DATA EXCERPT >>
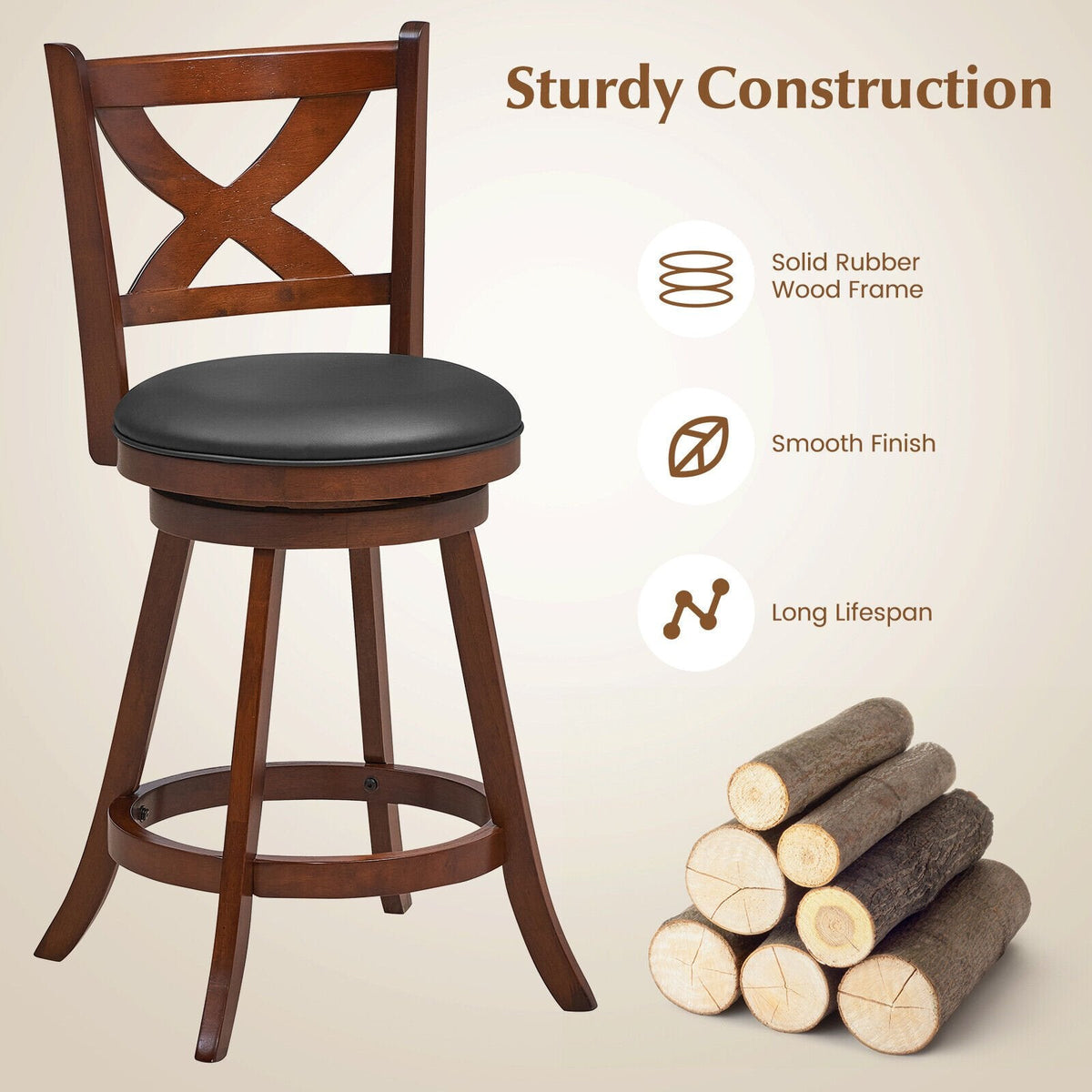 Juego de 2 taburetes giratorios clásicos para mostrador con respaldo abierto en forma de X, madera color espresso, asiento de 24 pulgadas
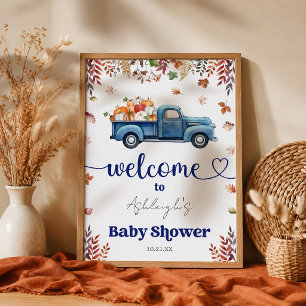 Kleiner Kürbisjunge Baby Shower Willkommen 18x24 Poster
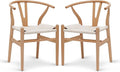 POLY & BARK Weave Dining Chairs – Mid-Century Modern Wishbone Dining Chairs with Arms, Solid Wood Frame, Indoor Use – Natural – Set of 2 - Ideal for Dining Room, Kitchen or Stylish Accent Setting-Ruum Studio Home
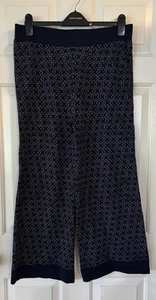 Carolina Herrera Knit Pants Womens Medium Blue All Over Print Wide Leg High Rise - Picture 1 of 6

WHAT TO WORK ON >> Reproduce, exactly and without pictures, the lines above from the one containing "POLY & BARK" through the last line of the material, both ends included, and nothing more.

WORKED SOLUTION >>
 POLY & BARK Weave Dining Chairs – Mid-Century Modern Wishbone Dining Chairs with Arms, Solid Wood Frame, Indoor Use – Natural – Set of 2 - Ideal for Dining Room, Kitchen or Stylish Accent Setting-Ruum Studio Home
 Carolina Herrera Knit Pants Womens Medium Blue All Over Print Wide Leg High Rise - Picture 1 of 6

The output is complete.